Job description
IT
Site Reliability Expert (SRE)
Quebec
Simons Campus - IT
Full time
Are you looking to join our Information Technology team in a unique role that contributes to the optimal maintenance of our production environment? Join the Simons family as a Site Reliability Engineer (SRE).
The person in this role plays a key part in ensuring the smooth operation of our production environment by adopting a proactive, software-engineering-oriented approach.

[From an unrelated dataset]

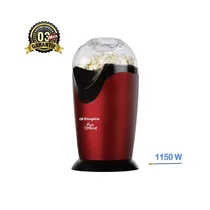Mini machine à pop corn 1150W rouge et noir en fonctionnement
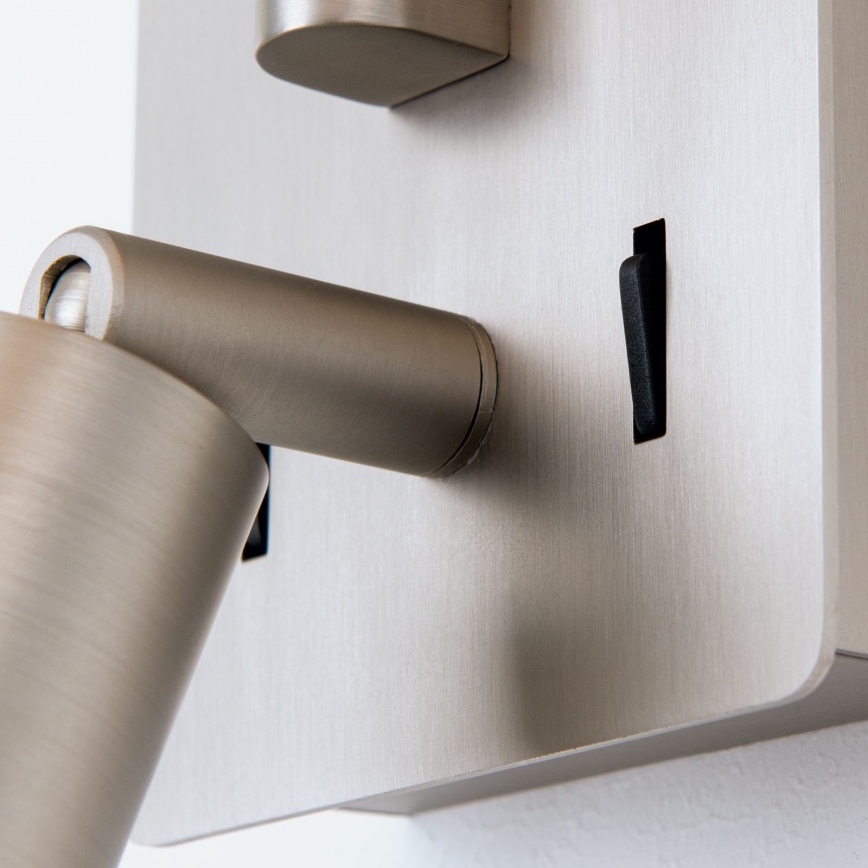 LED vägglampa CARLTON 1xE27/40W/230V + LED/3W vit/matt krom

Reporting to the Director of Solution Architecture and Software Engineering, the SRE is responsible for ensuring the continuous availability of large-scale distributed software applications while maintaining high levels of performance and reliability.
Key Responsibilities:
- Provide primary operational support for multiple large-scale distributed software applications.
- Collect and analyze metrics from operating systems and applications to support performance optimization and incident troubleshooting.
- Measure and optimize system performance.
- Deliver infrastructure services using Infrastructure as Code (IaC).
- Maintain services that use the Operator Framework.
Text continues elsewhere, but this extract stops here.